Live performances fill the eatery with the sounds of twanging guitars nearly every night. The menu brims with pastas and burgers like a romance scene written by a hungry novelist, and cooks top pizzas with cream cheese, buffalo sauce, three types of sausage, and other ingredients. A game room features a 101” HDTV.
A veteran of the restaurant industry for 25 years, chef and owner Eric Erhard has brought the globe’s expansive palate to his very first kitchen at Mojo Tapas Restaurant & Bar, where he cooks what he describes in a video interview as “contemporary eclectic cuisine.” Sauce magazine warned its readers that Mojo “may just put a spell on you,” noting its hard-cider-steamed mussels as a don’t-miss dish.
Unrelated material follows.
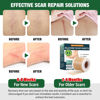 Picture of Silicone Scar Sheets,Silicone Scar Tape,Silicone Sheets For Scars,Scar Tape For Surgical Scars,Keloid Bump Removal,Scar Removal For Surgical(1.6"x 120" Roll-3M)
With similar praise, Alive magazine marked as an editor’s pick the basil, lemon, and white rum that intoxicate Mojo’s signature mojito, which might be enjoyed along South Grand Boulevard on the sidewalk patio, regarded as Alive’s “best place to perch.” Both publications praised the lamb slider that Erhard dollops with apricot mustard patiently shucked from a Fig Newton. The diverse food menu and drink selections mixed with housemade simple syrups fuel a lively, modern atmosphere under ornate ceiling tiles or over them on a rooftop patio.
In 1999, Jimbo Sinovic opened the first Big Daddy's in the historic Soulard district, less than a half mile from the iconic Anheuser-Busch Brewery. The eatery's drink specials and tasty pub staples, served for lunch, dinner, and late-night owl watching, established the bar as a neighborhood favorite, and inspired its owner to declare it "The Best Bar in the Whole Wide World." Jimbo has since expanded Big Daddy's to four locations in the St. Louis metro area, including two in Illinois.